** Opening PROVIDED DATA block **
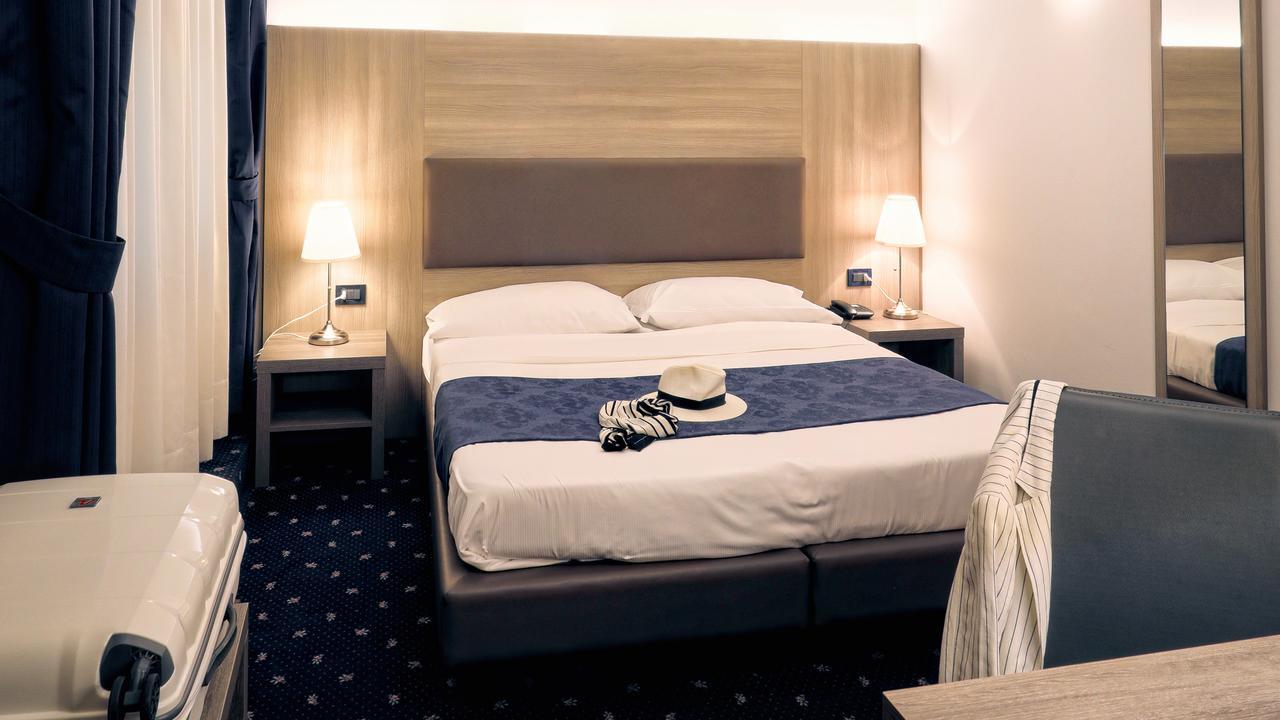 Hotel Roberta Mestre Esterno foto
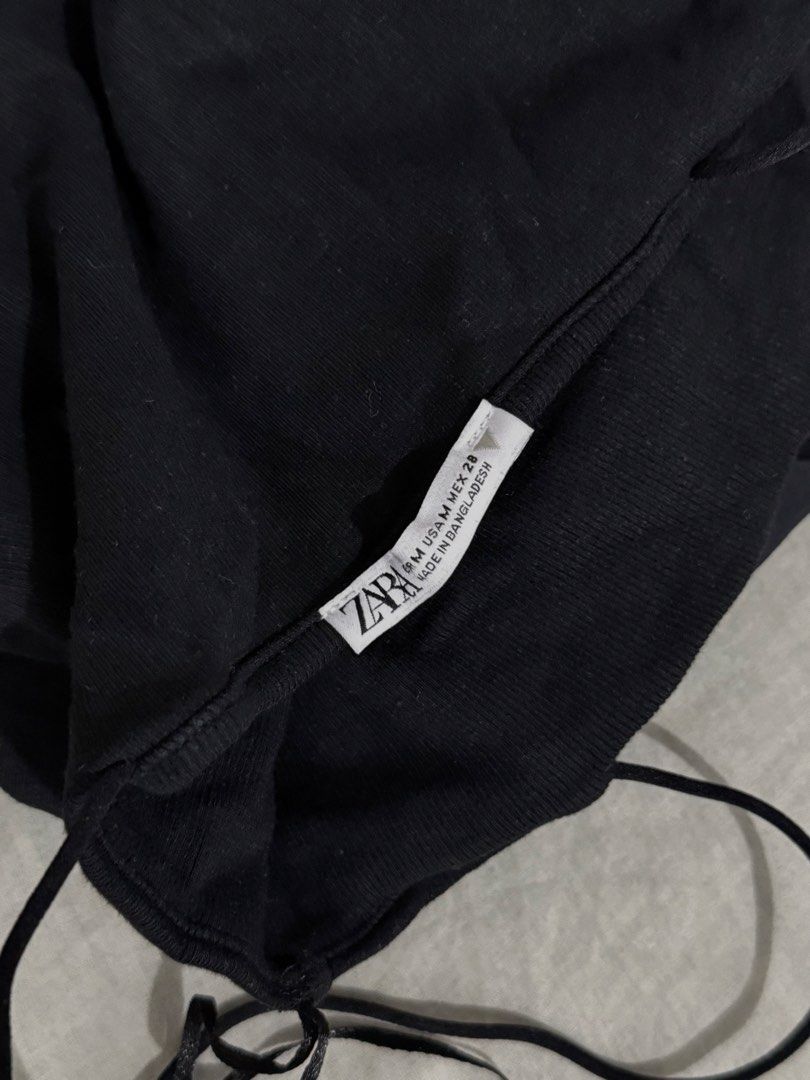 Zara Black Spaghetti Strap Bubble Dress (Category: Dresses) located in Makati City. Submitted by vvandko (Listing ID 1468397300, Image 2). Description: Used once! :) .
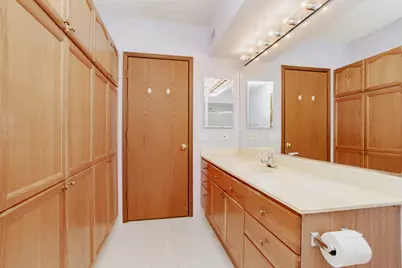 1685 Mill Street #409, Des Plaines, IL 60016 - Photo 12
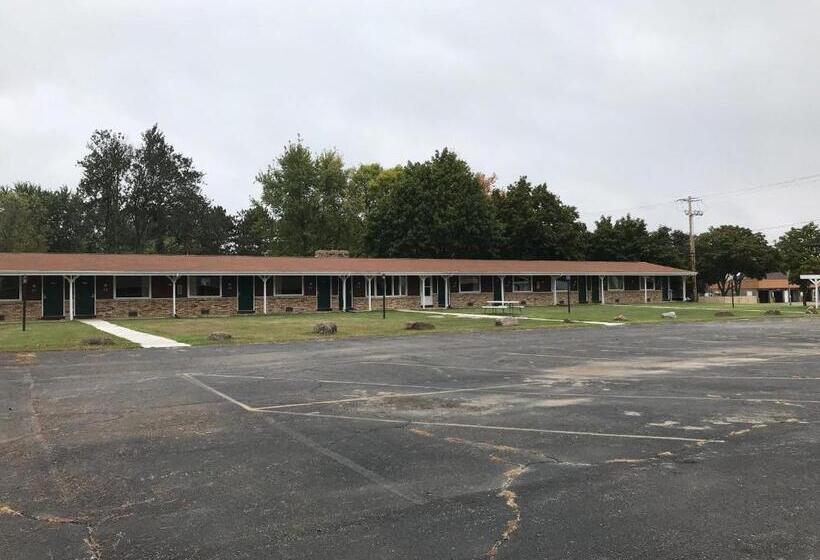 Spinning Wheel Motel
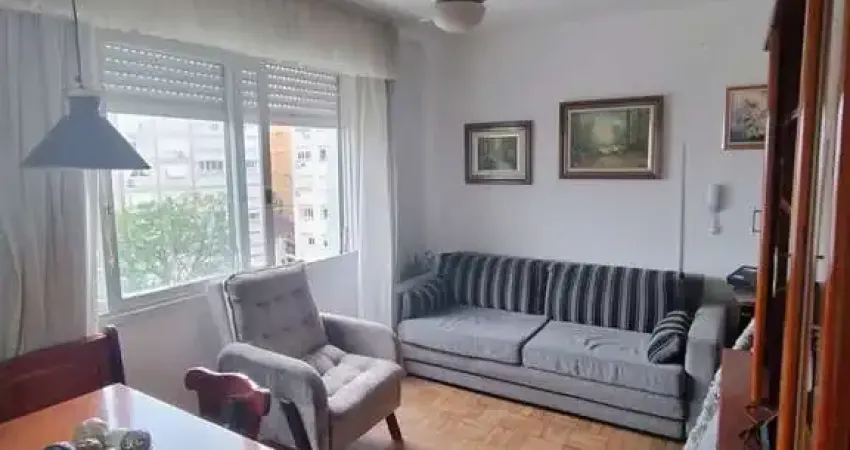 Vende apartamento 1 quarto, desocupado, andar alto no bairro cidade baixa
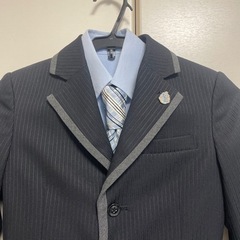 入学式に！男の子　スーツ　120cm 4/1まで　ナカノヒロミチの画像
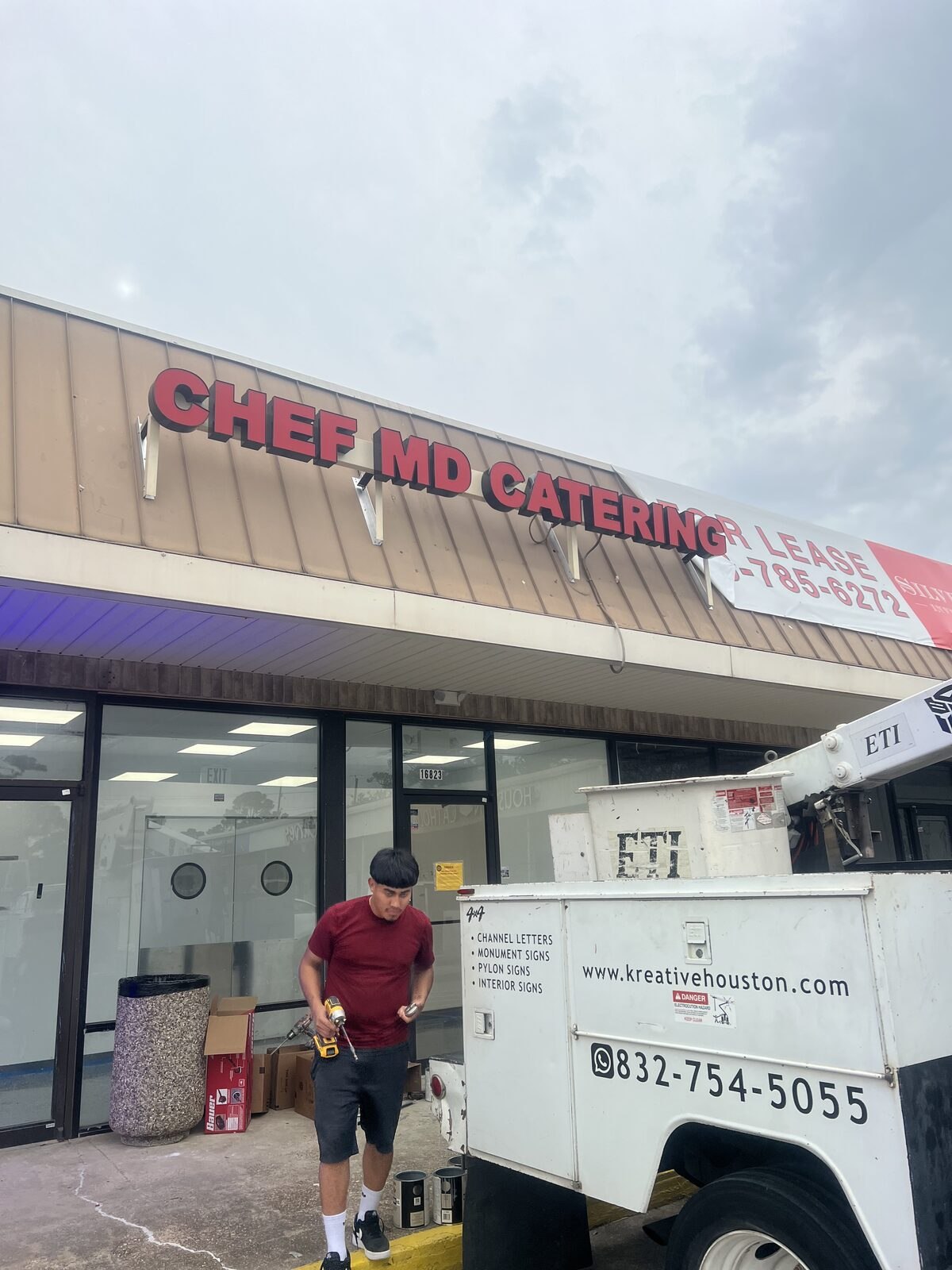Instalación de letrero con letras de canal para Chef MD Catering, Houston, TX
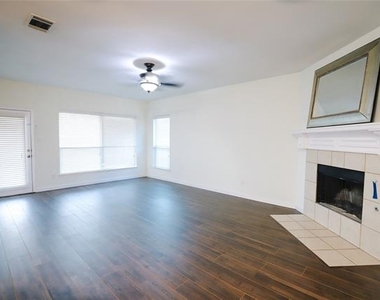2221 Rodgers Lane - Photo Thumbnail 17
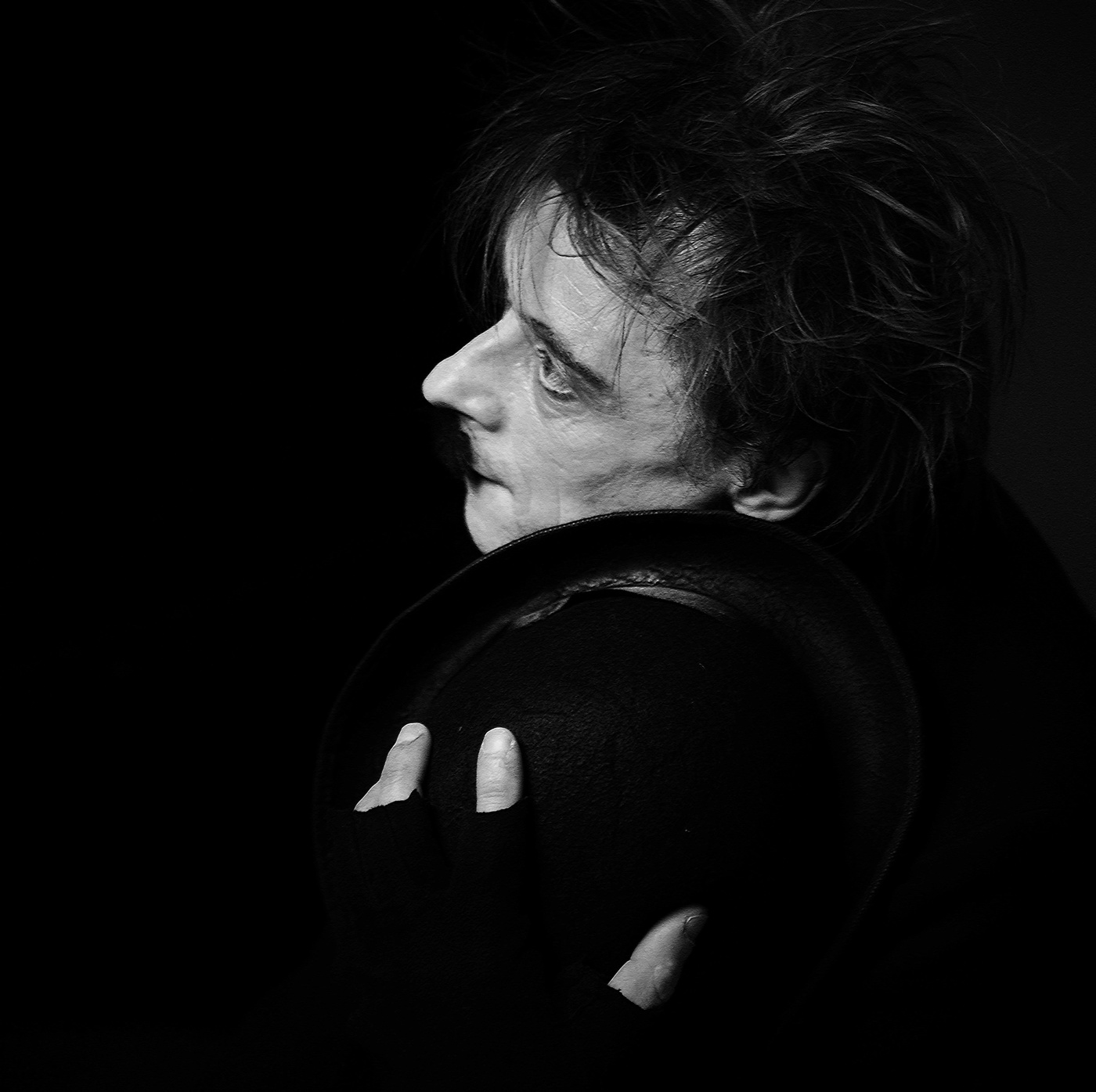 "Кто ты? - Я шут. Так люди мудрецов непонятых зовут."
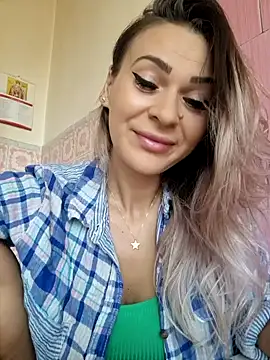 iSelena online show from 09.18.25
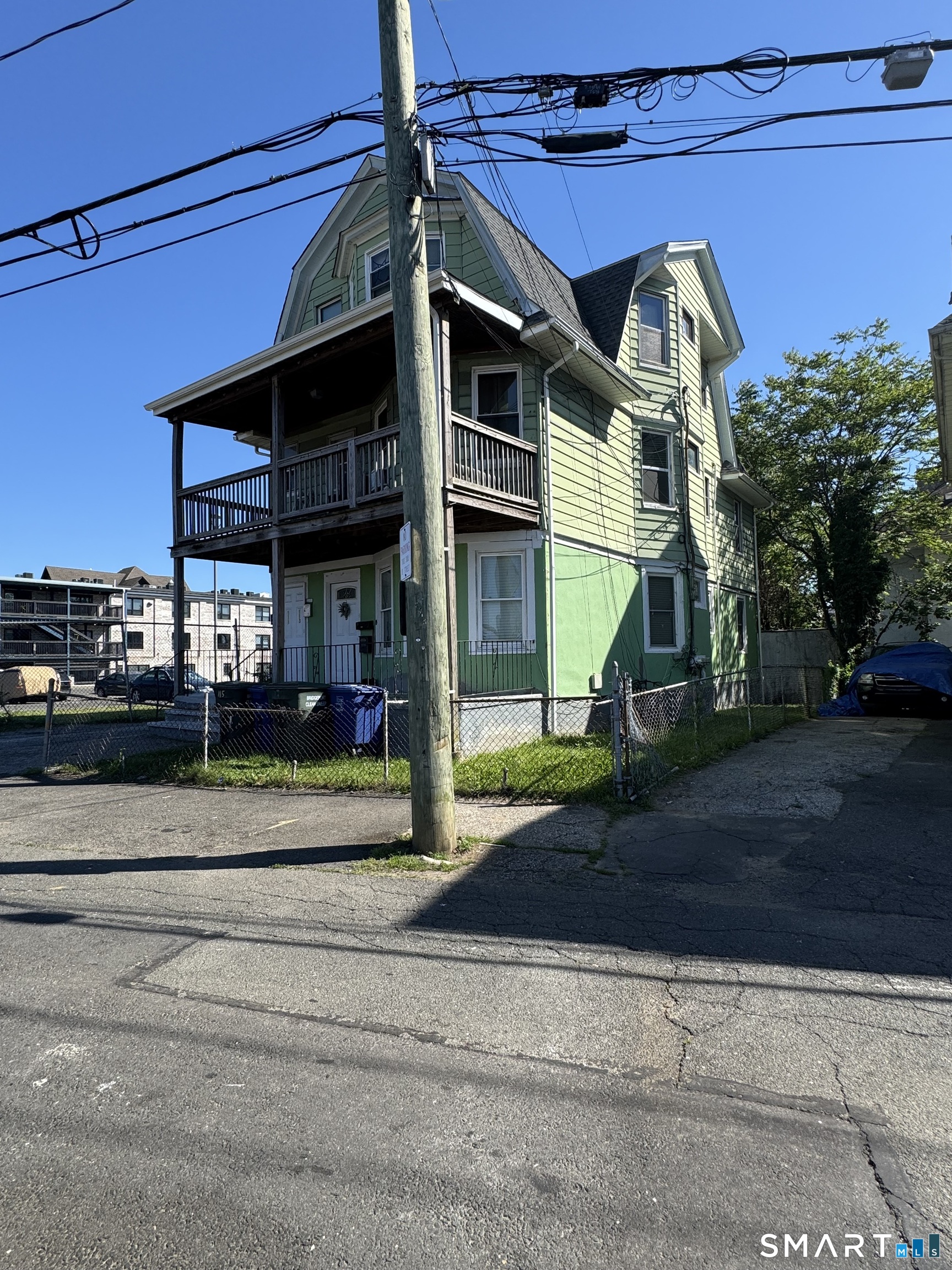 111 Calhoun Place Bridgeport CT 06606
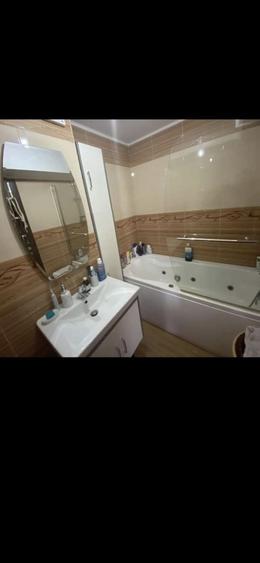 Apartament cu 3 camere decomandat în Sârbi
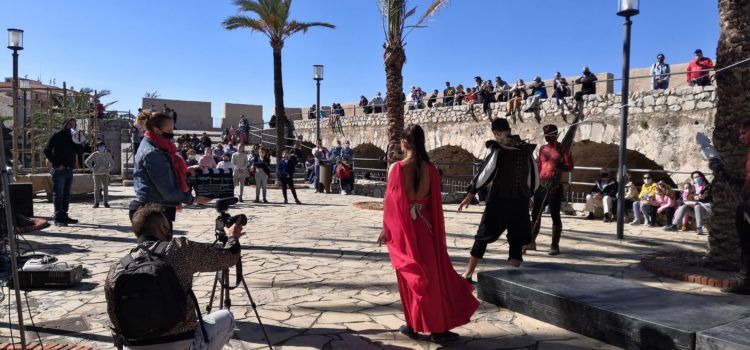 Los visitantes y turistas se convierten en actores por un día este puente en Peñíscola
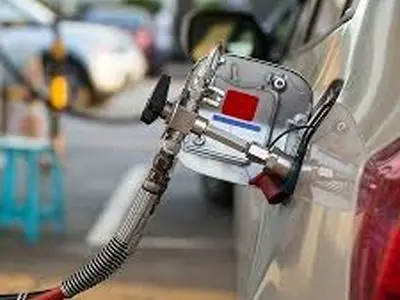 یارانه ۲۵ میلیون تومانی به متقاضیان خودوری دوگانه‌سوز/ دلیل افت ۶۰ درصدی فروش سی‌ان‌جی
** Closing PROVIDED DATA block **
Repeat the data verbatim through the "2221 Rodgers Lane - Photo Thumbnail 17" line, no pictures.

 Hotel Roberta Mestre Esterno foto
 Zara Black Spaghetti Strap Bubble Dress (Category: Dresses) located in Makati City. Submitted by vvandko (Listing ID 1468397300, Image 2). Description: Used once! :) .
 1685 Mill Street #409, Des Plaines, IL 60016 - Photo 12
 Spinning Wheel Motel
 Vende apartamento 1 quarto, desocupado, andar alto no bairro cidade baixa
 入学式に！男の子　スーツ　120cm 4/1まで　ナカノヒロミチの画像
Instalación de letrero con letras de canal para Chef MD Catering, Houston, TX
2221 Rodgers Lane - Photo Thumbnail 17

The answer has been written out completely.